What guides your writing? A person, a book, a class . . . ? 



Twist of fact and wish


Once I wrote a letter that lasted weeks. 

Once I wrote a letter that did not end.

This is the field, or a river, a wide sky expecting rain.

This is fresh paper, without blemish, without fear.

This is the letter turned to you, to god, to myself. Signed, sealed, sent to an undeliverable address. This is me hiding.  


He wrote a book of poems to his dead wife. I wondered if this was mastery or manipulation. But what poem isn't a twist of fact and wish? A rewrite of life as if facts were nails or hammers, something solid like a tool, or a fastener to truth that hangs useless until put to purpose.

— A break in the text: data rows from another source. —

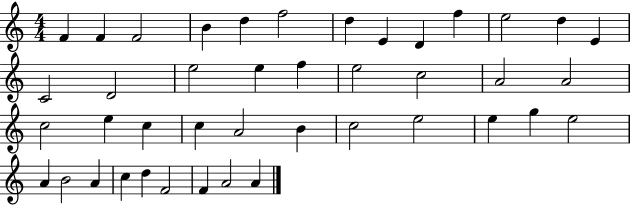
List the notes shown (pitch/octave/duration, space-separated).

F4/q F4/q F4/h B4/q D5/q F5/h D5/q E4/q D4/q F5/q E5/h D5/q E4/q C4/h D4/h E5/h E5/q F5/q E5/h C5/h A4/h A4/h C5/h E5/q C5/q C5/q A4/h B4/q C5/h E5/h E5/q G5/q E5/h A4/q B4/h A4/q C5/q D5/q F4/h F4/q A4/h A4/q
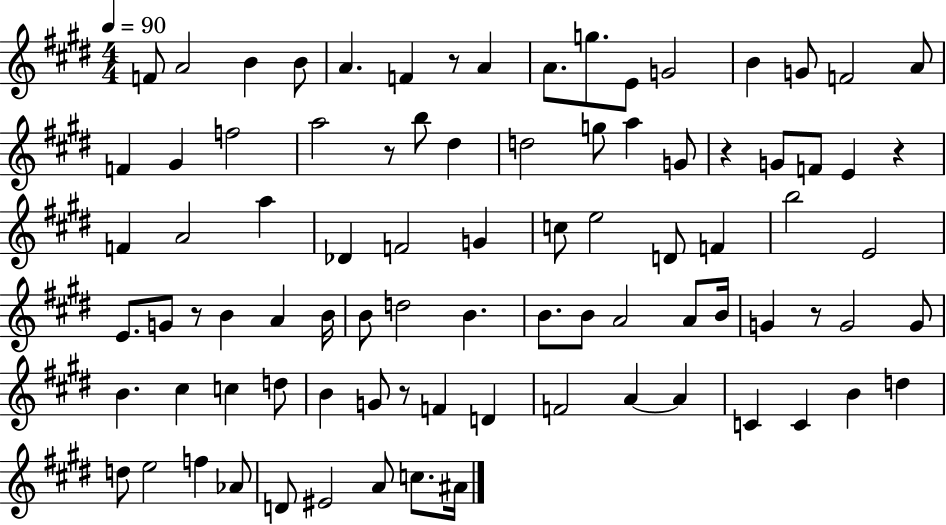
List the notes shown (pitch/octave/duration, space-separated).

F4/e A4/h B4/q B4/e A4/q. F4/q R/e A4/q A4/e. G5/e. E4/e G4/h B4/q G4/e F4/h A4/e F4/q G#4/q F5/h A5/h R/e B5/e D#5/q D5/h G5/e A5/q G4/e R/q G4/e F4/e E4/q R/q F4/q A4/h A5/q Db4/q F4/h G4/q C5/e E5/h D4/e F4/q B5/h E4/h E4/e. G4/e R/e B4/q A4/q B4/s B4/e D5/h B4/q. B4/e. B4/e A4/h A4/e B4/s G4/q R/e G4/h G4/e B4/q. C#5/q C5/q D5/e B4/q G4/e R/e F4/q D4/q F4/h A4/q A4/q C4/q C4/q B4/q D5/q D5/e E5/h F5/q Ab4/e D4/e EIS4/h A4/e C5/e. A#4/s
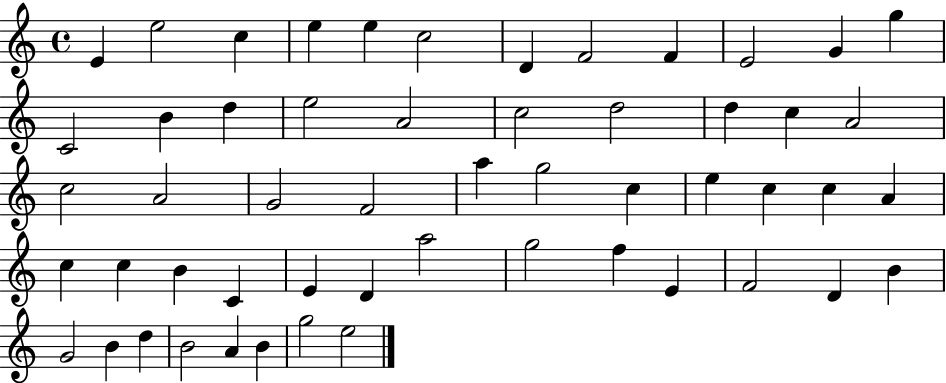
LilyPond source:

{
  \clef treble
  \time 4/4
  \defaultTimeSignature
  \key c \major
  e'4 e''2 c''4 | e''4 e''4 c''2 | d'4 f'2 f'4 | e'2 g'4 g''4 | \break c'2 b'4 d''4 | e''2 a'2 | c''2 d''2 | d''4 c''4 a'2 | \break c''2 a'2 | g'2 f'2 | a''4 g''2 c''4 | e''4 c''4 c''4 a'4 | \break c''4 c''4 b'4 c'4 | e'4 d'4 a''2 | g''2 f''4 e'4 | f'2 d'4 b'4 | \break g'2 b'4 d''4 | b'2 a'4 b'4 | g''2 e''2 | \bar "|."
}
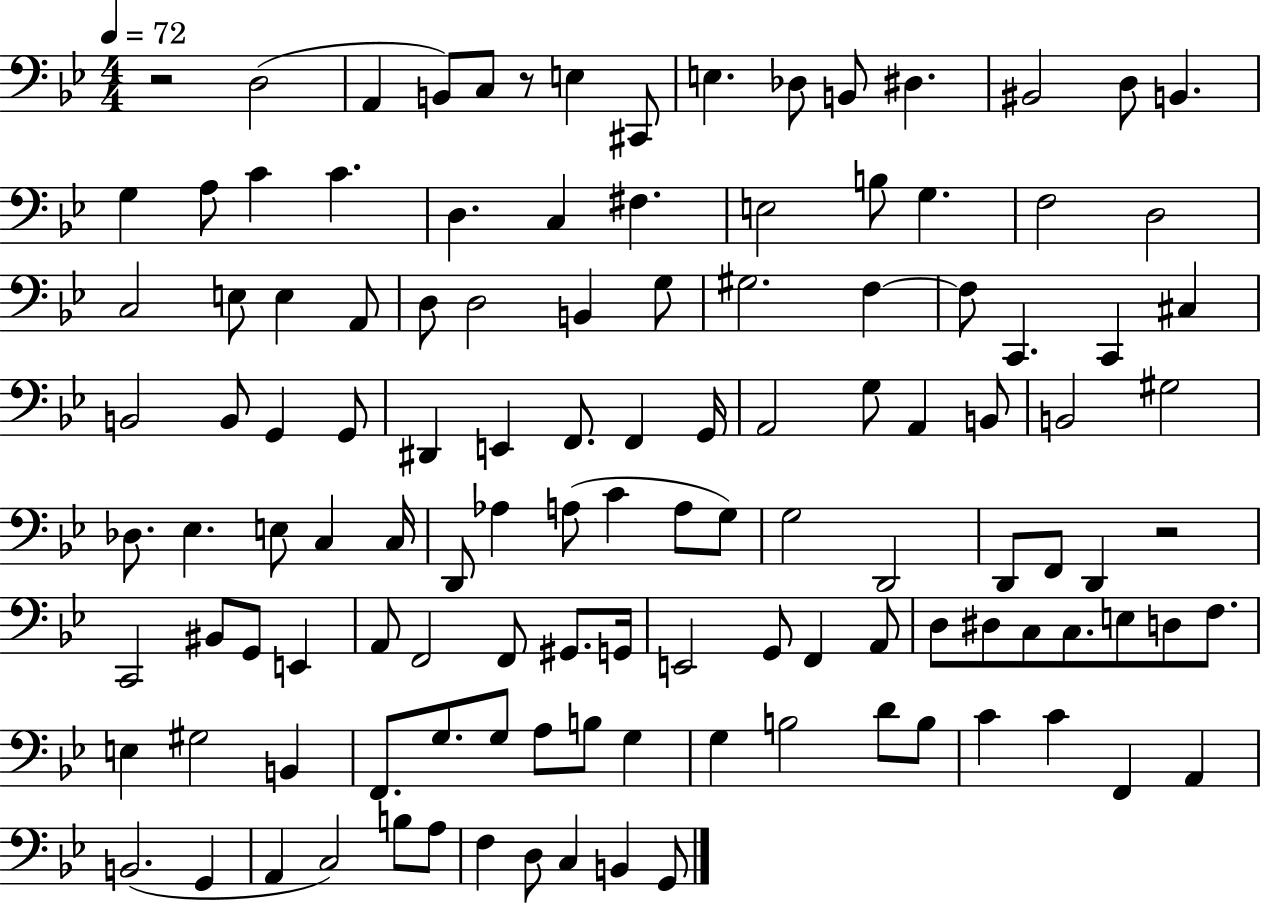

Because something loosens and stirs, I keep writing, though the words make no sense, though I do not direct the message, do not even have a message. I keep the pen moving, the way my lips move in prayer, the way my mother pleads with me to keep moving, keep doing the work. 

The way even now I do not know if she said those words or I wanted her to offer the kind of encouragement we could never seem to say aloud. 


When nothing moves in me, my hand moves quickly across the page, with some sort of faith that life is more —and less — than now now now.

The here is the after, the after is here, on this page, in my hand, writing to you. 


This is why I pray with just one word, whispered, begged, again and again: please.